EXERCISE DIRECTIONS
Each line from the one bearing "Caminhoneiro morre após" through the last line of the entries below should be returned exactly, with pictures left out.

START RECORDS SUPPLIED

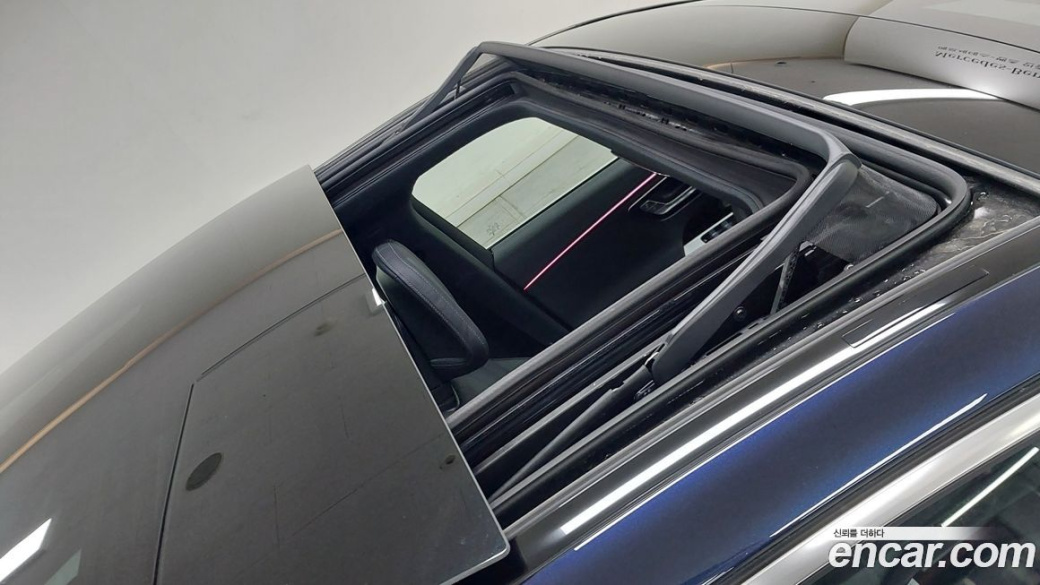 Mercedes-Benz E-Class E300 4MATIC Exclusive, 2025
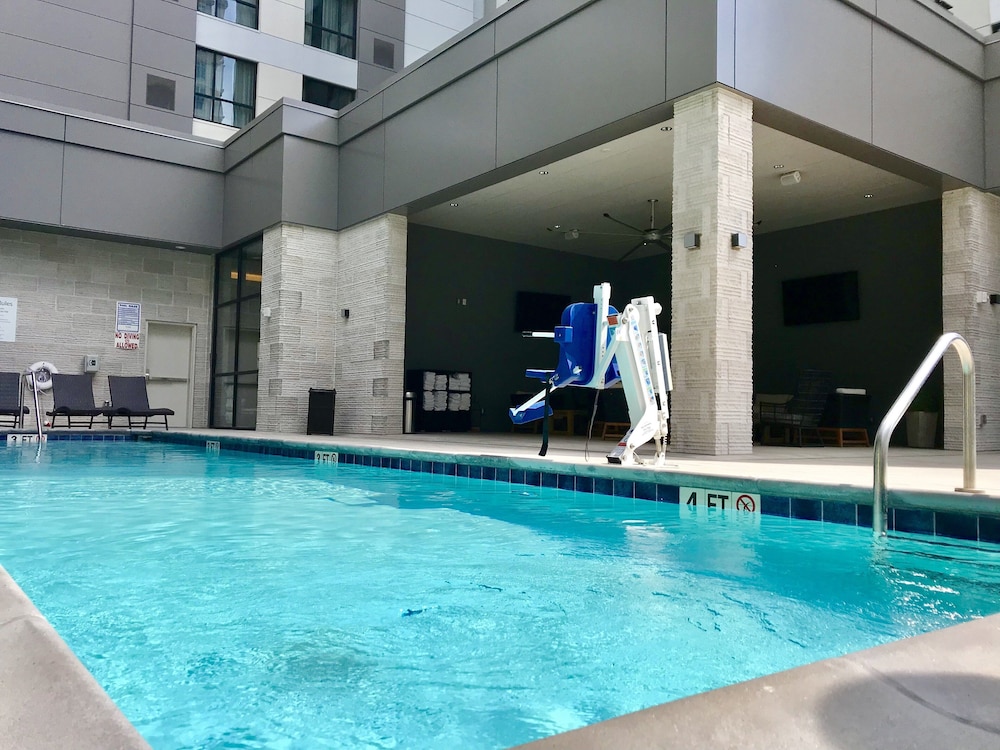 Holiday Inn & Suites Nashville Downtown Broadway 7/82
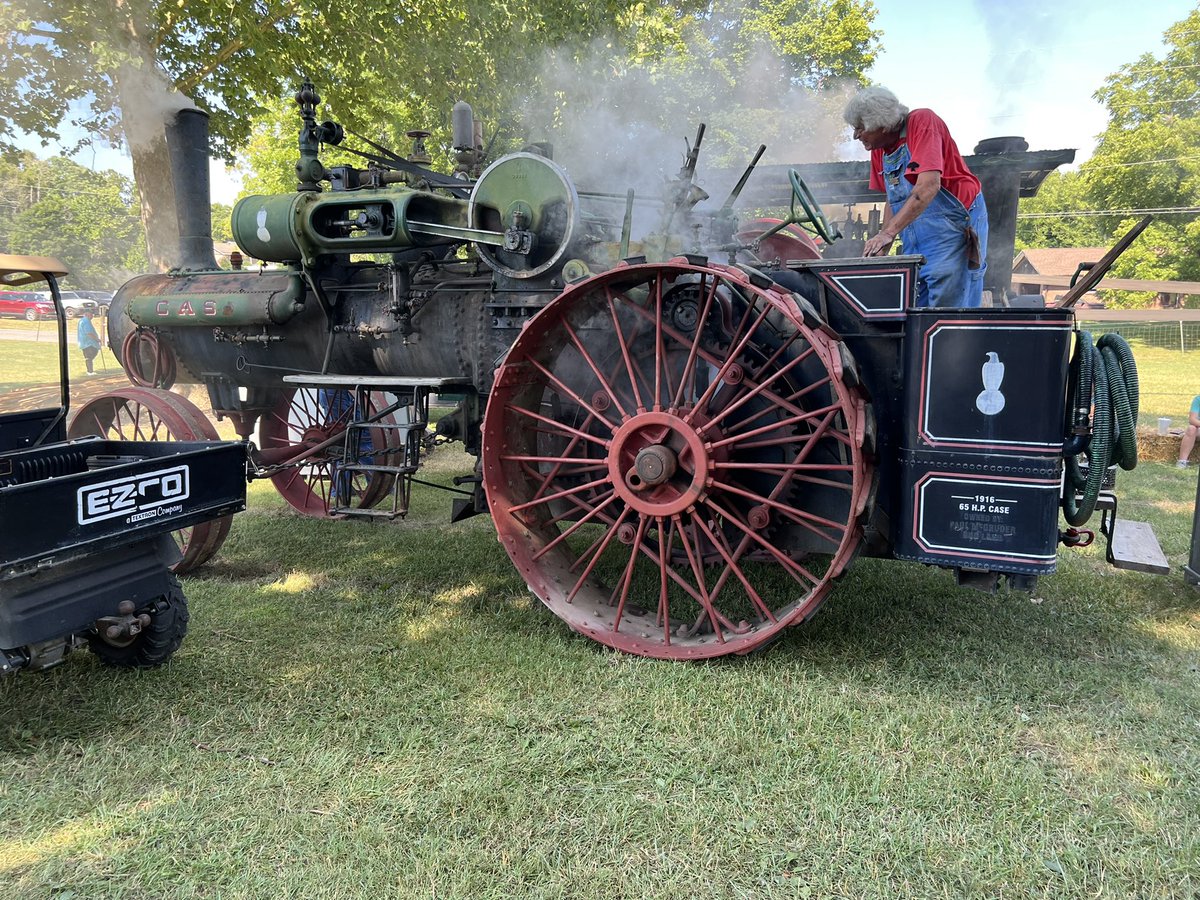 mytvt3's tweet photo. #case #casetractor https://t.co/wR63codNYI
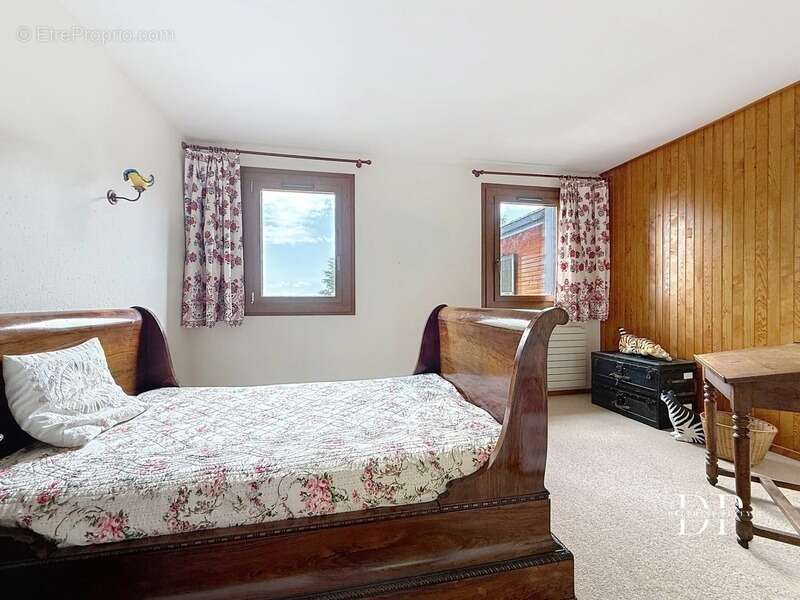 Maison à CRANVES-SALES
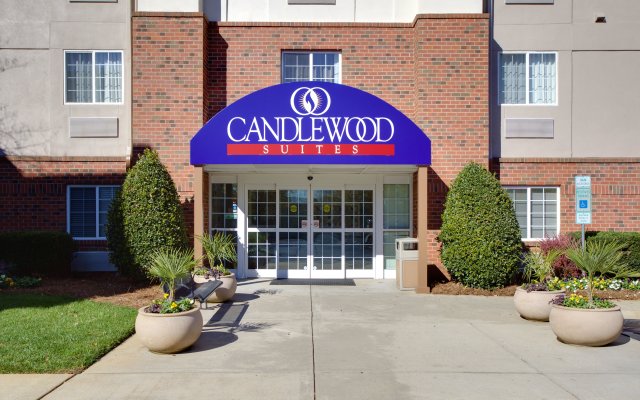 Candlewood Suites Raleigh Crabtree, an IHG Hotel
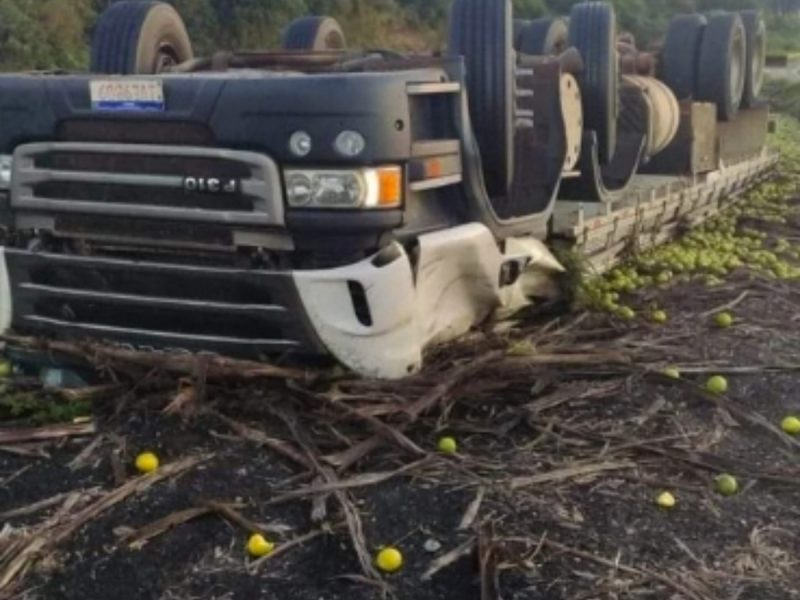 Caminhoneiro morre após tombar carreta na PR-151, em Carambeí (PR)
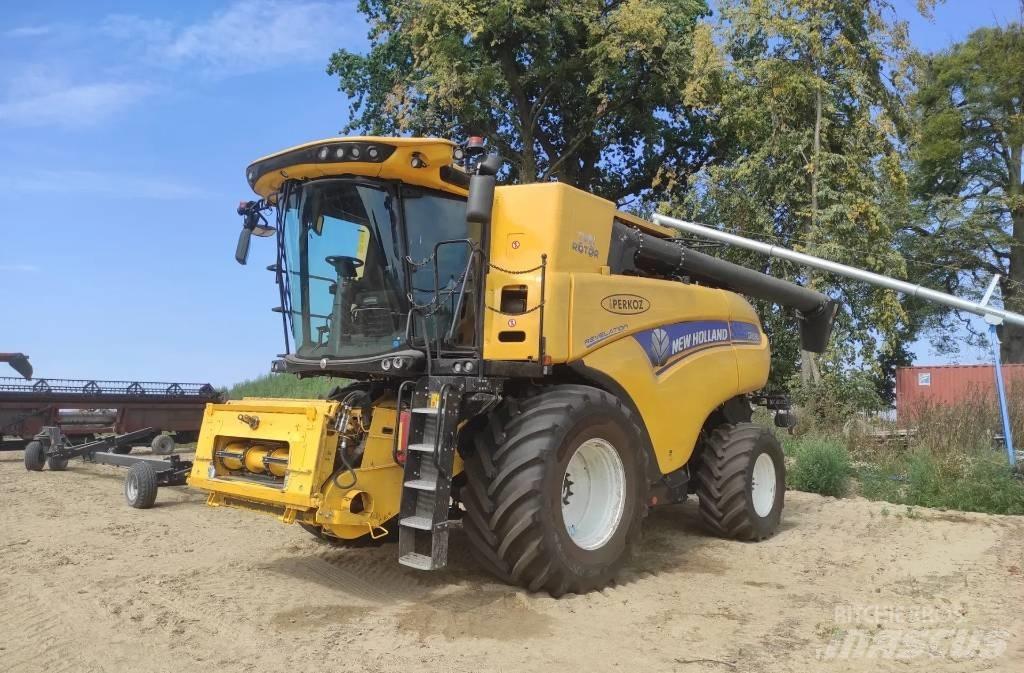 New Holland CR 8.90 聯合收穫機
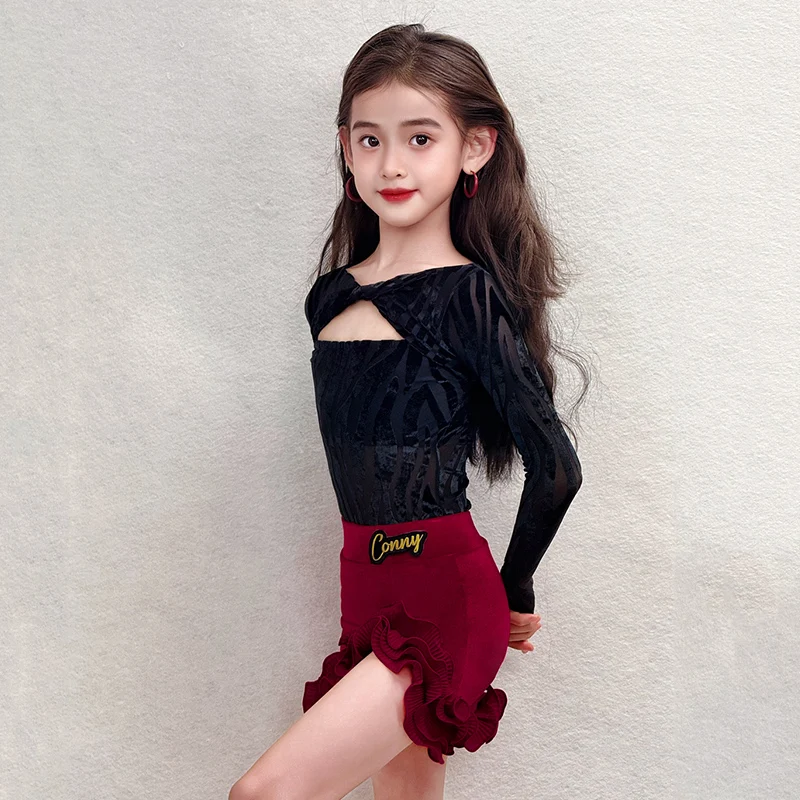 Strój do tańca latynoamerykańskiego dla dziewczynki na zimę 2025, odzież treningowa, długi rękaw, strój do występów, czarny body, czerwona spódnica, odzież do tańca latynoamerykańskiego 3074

END RECORDS SUPPLIED

SOLUTION TO THIS TASK
 Caminhoneiro morre após tombar carreta na PR-151, em Carambeí (PR)
 New Holland CR 8.90 聯合收穫機
 Strój do tańca latynoamerykańskiego dla dziewczynki na zimę 2025, odzież treningowa, długi rękaw, strój do występów, czarny body, czerwona spódnica, odzież do tańca latynoamerykańskiego 3074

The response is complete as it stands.